In his latest, to me, inspiring videographic work - a brilliantly edited study of a hitherto under-considered aspect of Wong Kar-wai’s cinematic oeuvre: its somnolent iconography - Provencher takes up these comparative methods once more, but this time with even more fluidity and poetry, as well as with a greater play on energy and its depletion. The result is a beautiful and artful work that truly raises the game of haptic figurative analysis in video essay form. 

With this video, perhaps riffing off of the frequently layered, blurry, nocturnally colourful and internally associative aesthetic of his source material, Provencher feels free to release his careful collection of sleeper images from linearity, narrativity and split screen captivity, sculpting them in visual and temporal layers to fashion a superimpositional supercut. This highly complex montage method, if it is to be communicative and not chaotic, requires even more care with sequence/shot placement, with framing, masking and vignetting, and with rhythm and timing than that to which most kinds of multiscreen video essays need aspire. The resulting composite distillation (I dreamt of some alternate titles: Days of Being Quiet, In the Mood for Sleep, Slow Train to Chungking?) feels like a much-longed for new Wong Kar-wai production in its own right, at once a facsimile, a satisfying fan work and a performative elucidation.
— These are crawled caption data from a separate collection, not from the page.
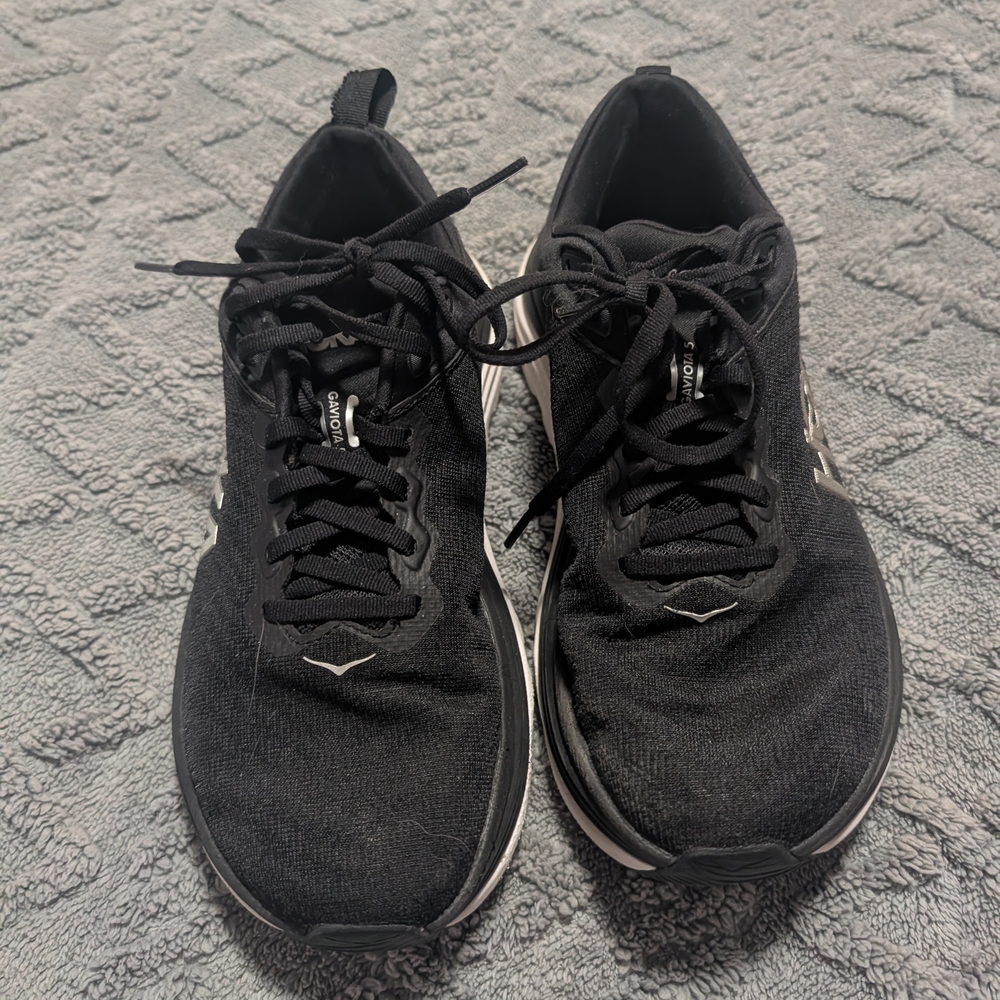 Women's Hoka Black Athletic Shoes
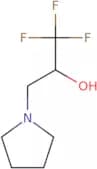 1,1,1-Trifluoro-3-pyrrolidin-1-ylpropan-2-ol
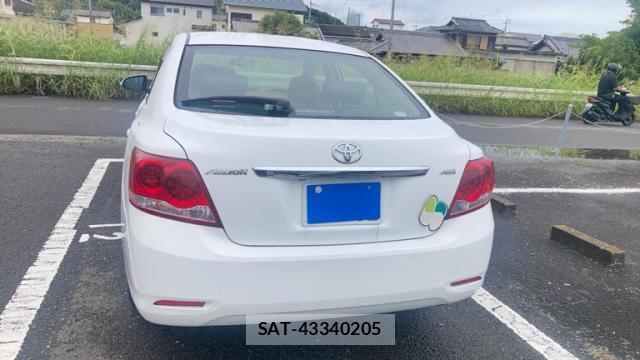 Toyota ALLION 2014-09 8769175-1
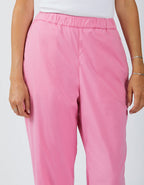 Parachute Capri Pants - Pink Block - Women's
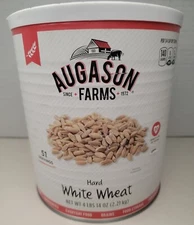 Augason Farms Hard White Wheat Emergency Food Storage #30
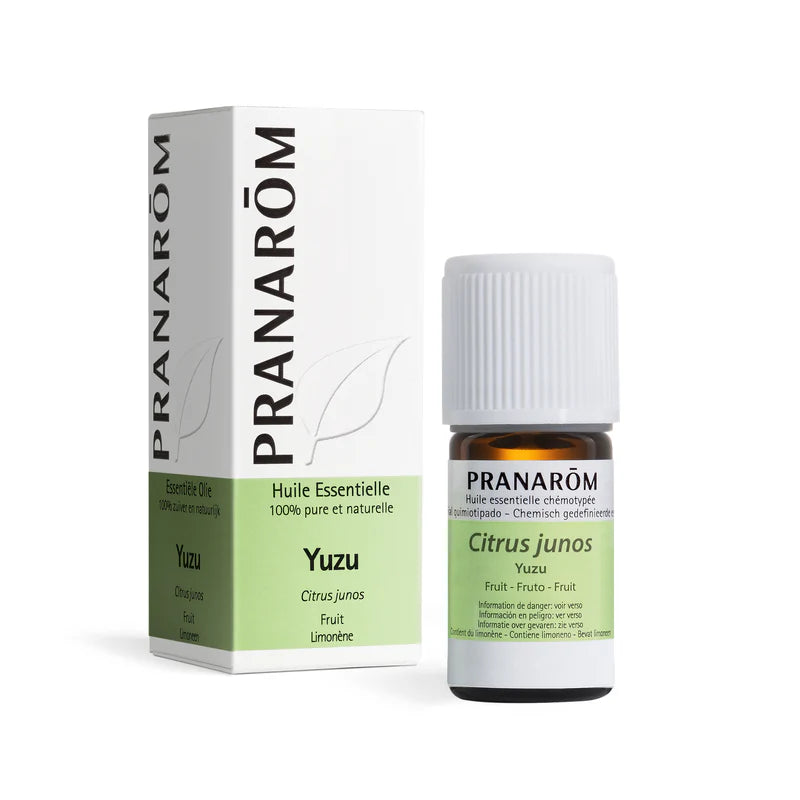 Pranarom – Huile Essentielle Yuzu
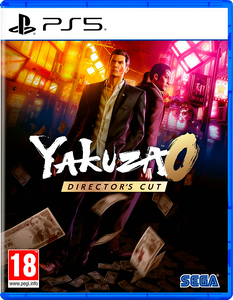 Yakuza 0: Director’s Cut [PS5, английская версия]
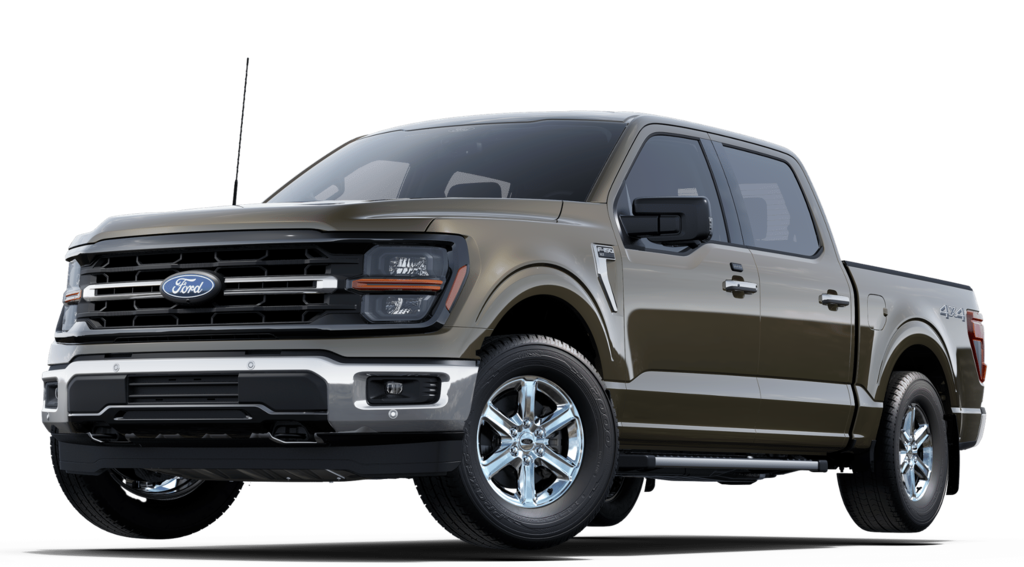 New 2025 Ford F-150 XLT Truck SuperCrew Cab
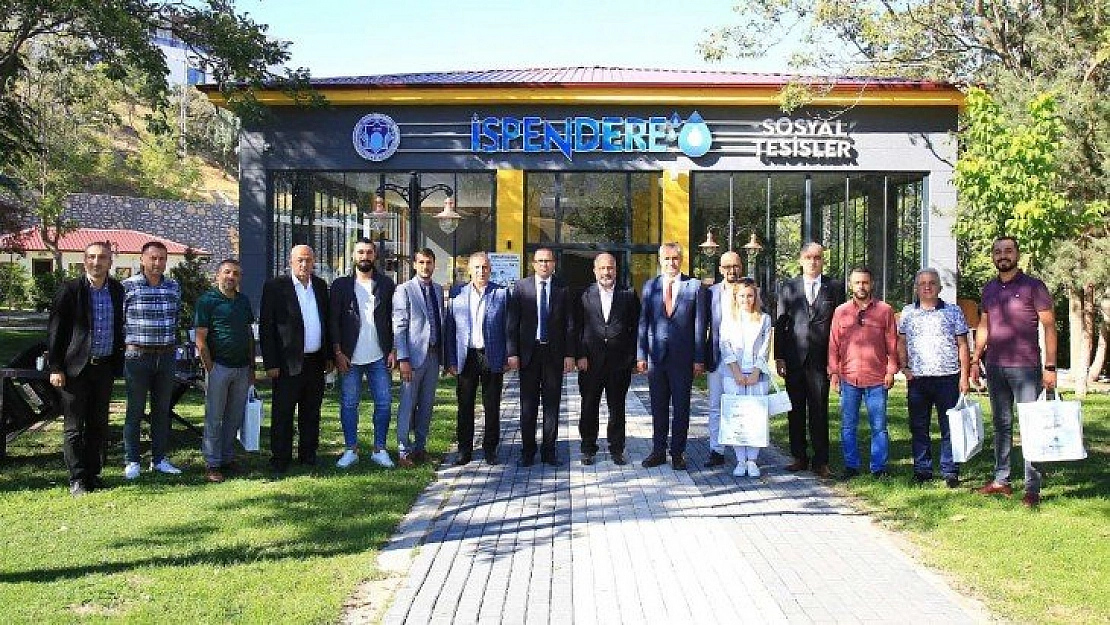 İspendere tanıtıldı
Even without an obvious or conventional scholarly apparatus, this video makes a powerful academic argument about sleeping figures, about longing and (un)consciousness, about work and rest, about desire and its extinction, simply through accretion and subtle variation, producing a legibly taxonomic gathering of themed material. But salient and complementary new knowledge about this topic is further delivered in verbal form, too, through suitably sparing captions which perfectly expand on, reinforce or summarise what we are seeing and hearing.

The auditory component of this work, a superb, specially-composed score, provided by Provencher’s essential collaborator, musician and composer Jiro Plutschow, is one of its most original features and strongest aspects. It supplies the work with an urban-nocturnal music-scape that enables at every turn an intense, haptically-engineered, rhythmic and tonal engagement with the complexity of the image track through its beats and moods. Plutschow’s exceptional compositional work skilfully enhances perception of the video’s visual argumentation in both subliminal and overt sonic ways.

A perfect companion piece not only to Jonathan Crary’s influential book 24/7: Late Capitalism and the Ends of Sleep, which Provencher references, but also to Franco Berardi’s work on “harmonising with exhaustion,” and Elena Gorfinkel’s recent and ongoing research into cinema and the soporific, Provencher and Plutschow's video essay also makes a highly original, rigorous and compelling contribution to the study of Wong Kar-wai’s films.